_What the task asks_:
Set down a faithful copy of every record, and skip the pictures in it.

_Recorded information_:
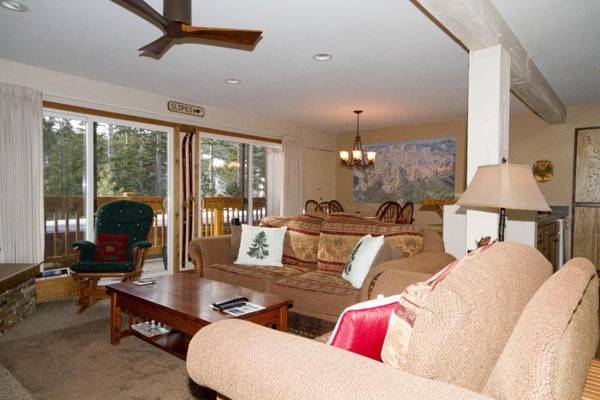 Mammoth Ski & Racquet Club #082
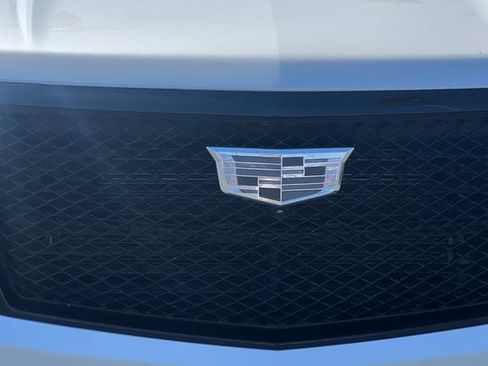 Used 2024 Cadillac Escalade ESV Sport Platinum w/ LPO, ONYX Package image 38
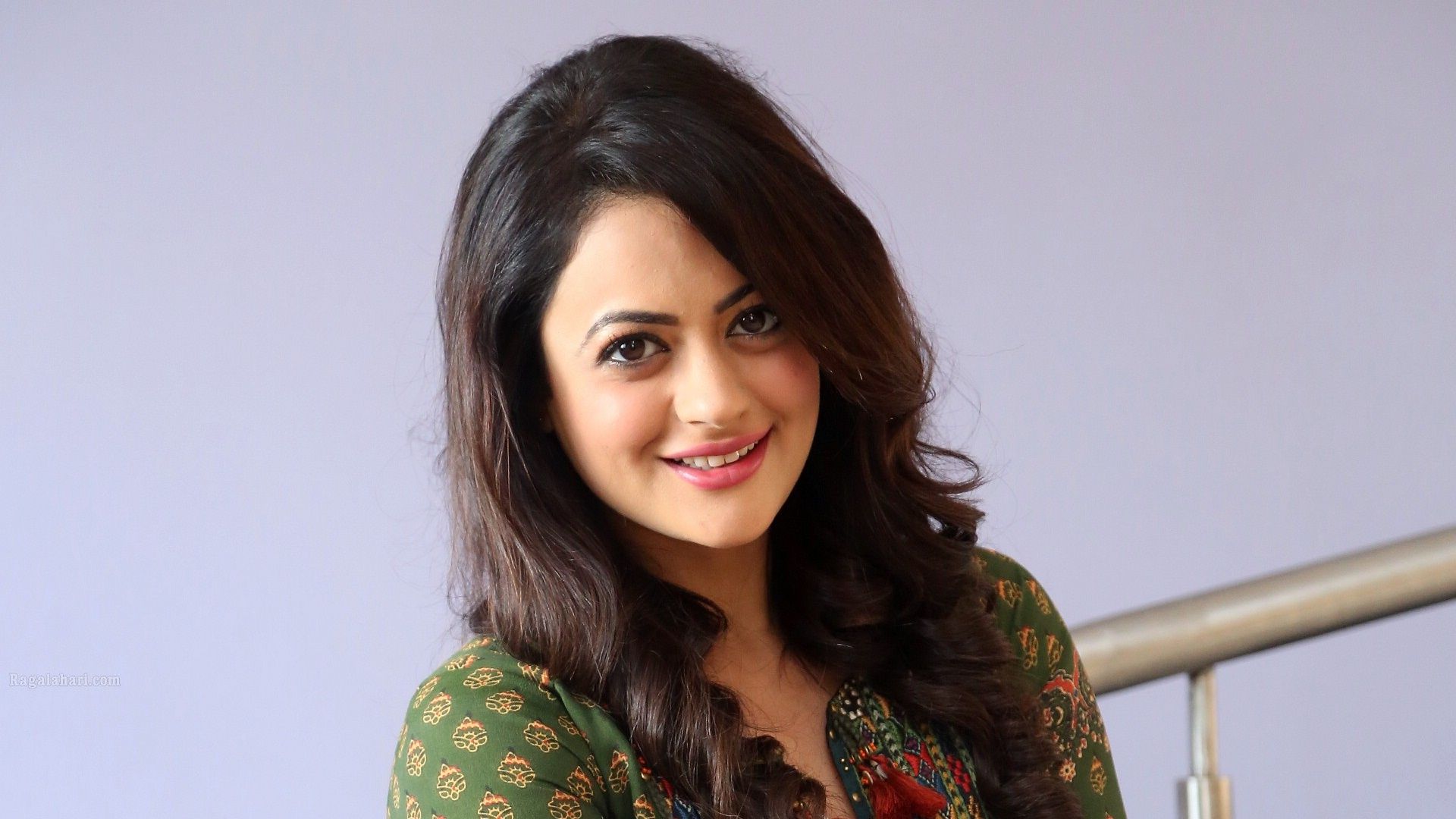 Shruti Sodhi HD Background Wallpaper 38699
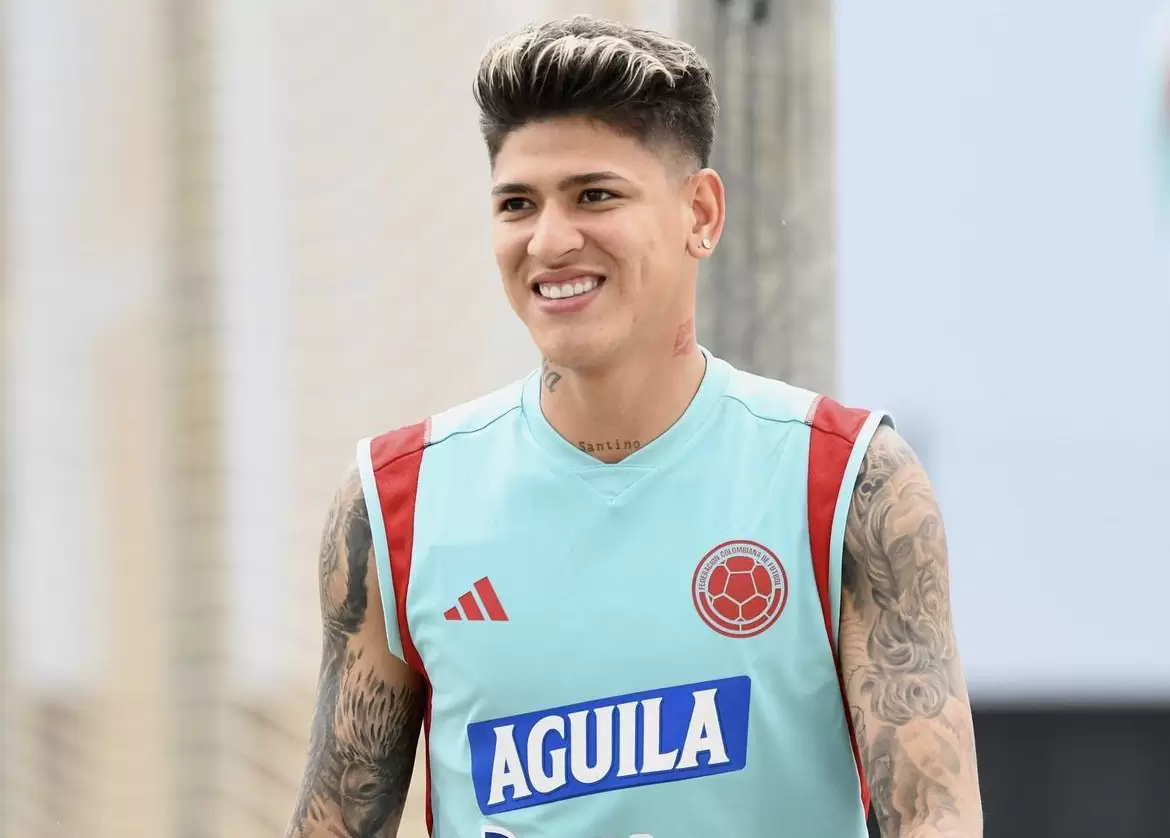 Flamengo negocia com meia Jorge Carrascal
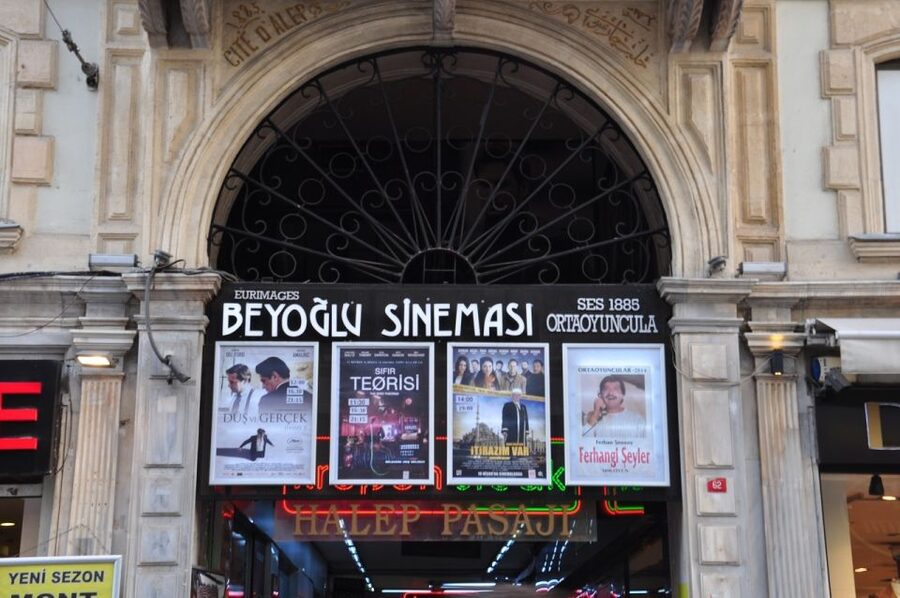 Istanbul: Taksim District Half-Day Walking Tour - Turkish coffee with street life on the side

_Output below_:
 Mammoth Ski & Racquet Club #082
 Used 2024 Cadillac Escalade ESV Sport Platinum w/ LPO, ONYX Package image 38
 Shruti Sodhi HD Background Wallpaper 38699
 Flamengo negocia com meia Jorge Carrascal
 Istanbul: Taksim District Half-Day Walking Tour - Turkish coffee with street life on the side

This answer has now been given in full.